> [Assigned task]: The pictures in the listing below are to be skipped, while the lines between the line holding "A two-tiered birthday" and the line holding "Détail d'un mini", inclusive, are to be output exactly.

> [Supplied data]:
==================================================

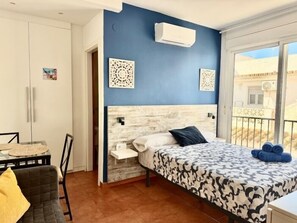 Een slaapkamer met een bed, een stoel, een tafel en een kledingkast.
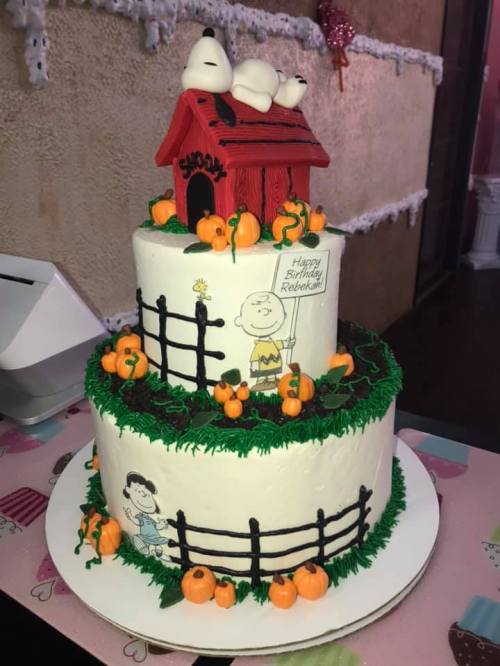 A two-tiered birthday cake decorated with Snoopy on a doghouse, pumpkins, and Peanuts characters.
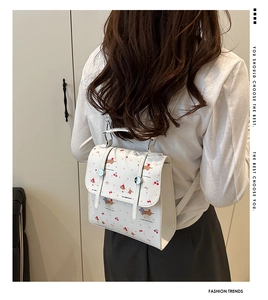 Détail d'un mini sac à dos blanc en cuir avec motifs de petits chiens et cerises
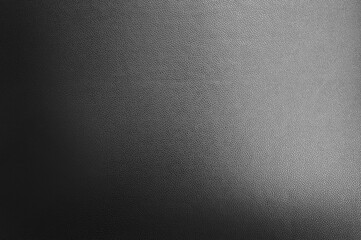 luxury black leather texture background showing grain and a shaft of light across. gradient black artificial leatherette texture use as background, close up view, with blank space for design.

==================================================

> [Solution to this problem]:
 A two-tiered birthday cake decorated with Snoopy on a doghouse, pumpkins, and Peanuts characters.
 Détail d'un mini sac à dos blanc en cuir avec motifs de petits chiens et cerises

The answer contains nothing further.